Directions: Please copy the listing that follows exactly, leaving out any pictures.

Start of Data extracts

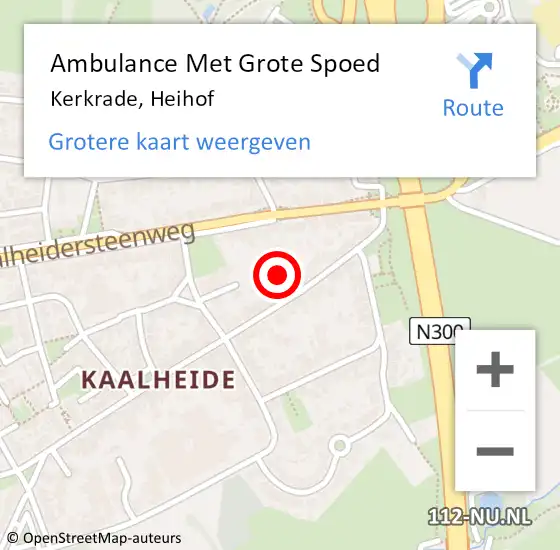 Locatie op kaart van de 112 melding: Ambulance Met Grote Spoed Naar Kerkrade, Heihof op 24 april 2014 17:42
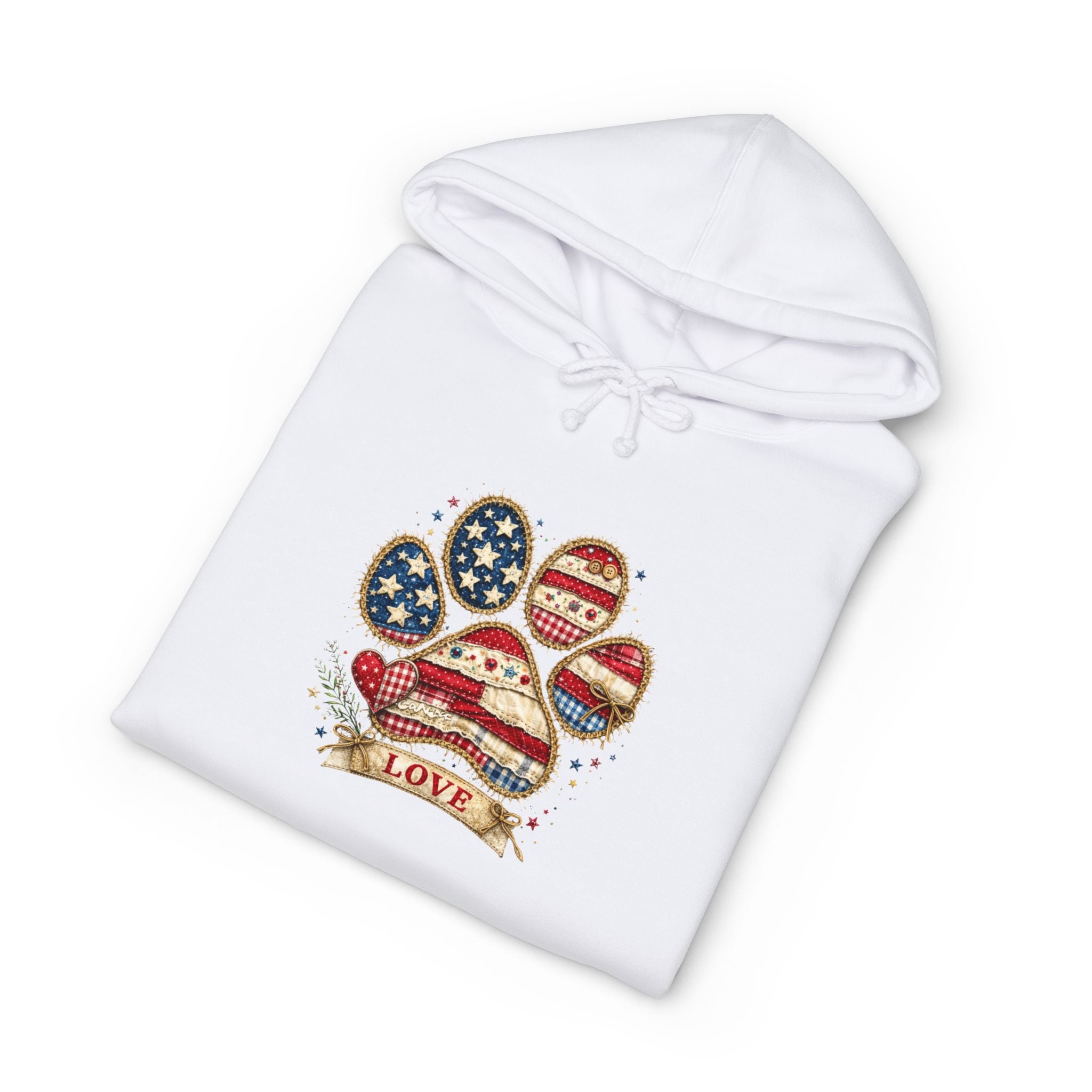 Patriotic Paw Print Hoodie — American Flag Dog Lover Sweatshirt (“Love” Banner)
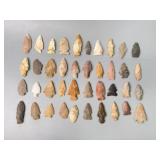 40 Field Grade Flint Points - longest 2 3/8 inch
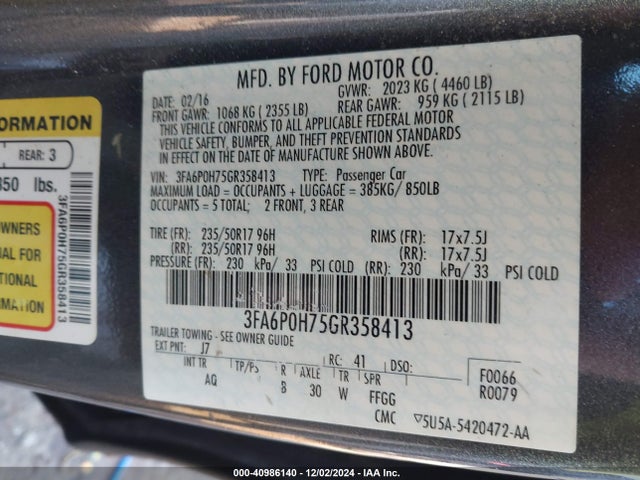 Ford FUSION SE 2016 3FA6P0H75GR358413 Image 9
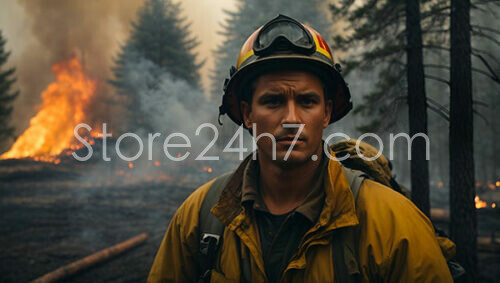 Firefighter Standing Resolute as Wildfire Rages Behind Him
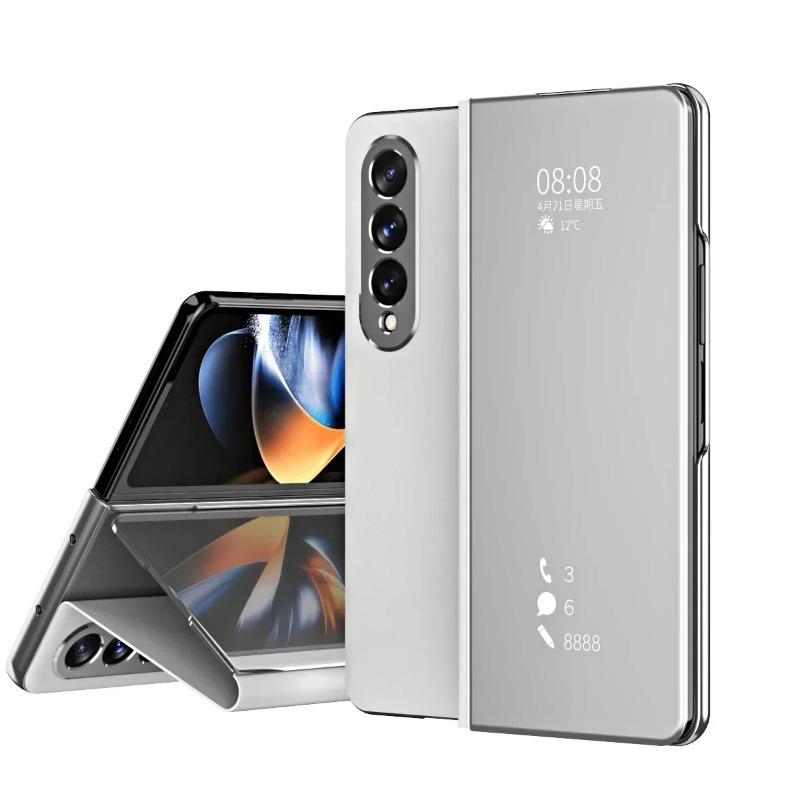 Чехол-книжка с зеркалом, защитный чехол Smart View Kickstand для Samsung Galaxy Z Fold 6, 5, 4, 3, 2 с держателем подставки, защитный металлический противоударный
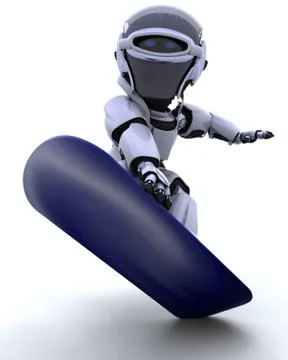 Robot with snowboard Stock Illustration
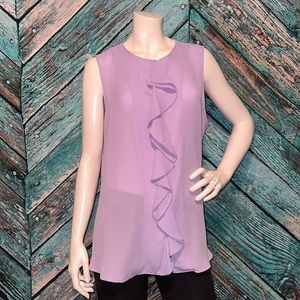 NWOT Apt. 9 Lavender Pastel Purple Cascade Ruffle Front Sleeveless Blouse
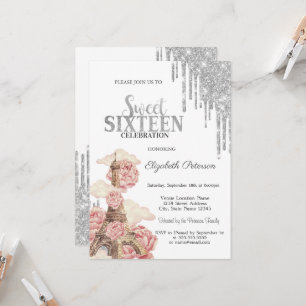 Chic Silver Drips,Eiffel Tower Peonies Sweet 16 Invitation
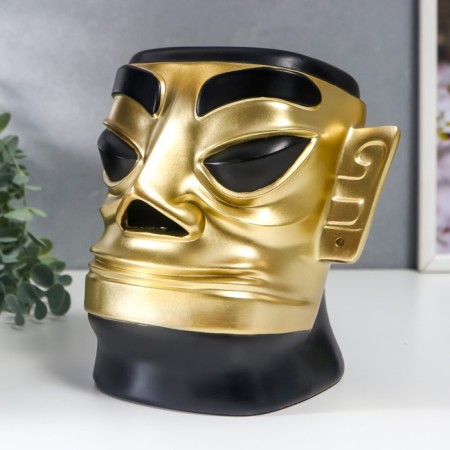 Souvenir Polystone Salvetnik "Aboriginal with a sharp nose" black-gold 19x12x20 cm-2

End of Data extracts

Answer section:
 Locatie op kaart van de 112 melding: Ambulance Met Grote Spoed Naar Kerkrade, Heihof op 24 april 2014 17:42
 Patriotic Paw Print Hoodie — American Flag Dog Lover Sweatshirt (“Love” Banner)
 40 Field Grade Flint Points - longest 2 3/8 inch
 Ford FUSION SE 2016 3FA6P0H75GR358413 Image 9
 Firefighter Standing Resolute as Wildfire Rages Behind Him
 Чехол-книжка с зеркалом, защитный чехол Smart View Kickstand для Samsung Galaxy Z Fold 6, 5, 4, 3, 2 с держателем подставки, защитный металлический противоударный
 Robot with snowboard Stock Illustration
 NWOT Apt. 9 Lavender Pastel Purple Cascade Ruffle Front Sleeveless Blouse
 Chic Silver Drips,Eiffel Tower Peonies Sweet 16 Invitation
 Souvenir Polystone Salvetnik "Aboriginal with a sharp nose" black-gold 19x12x20 cm-2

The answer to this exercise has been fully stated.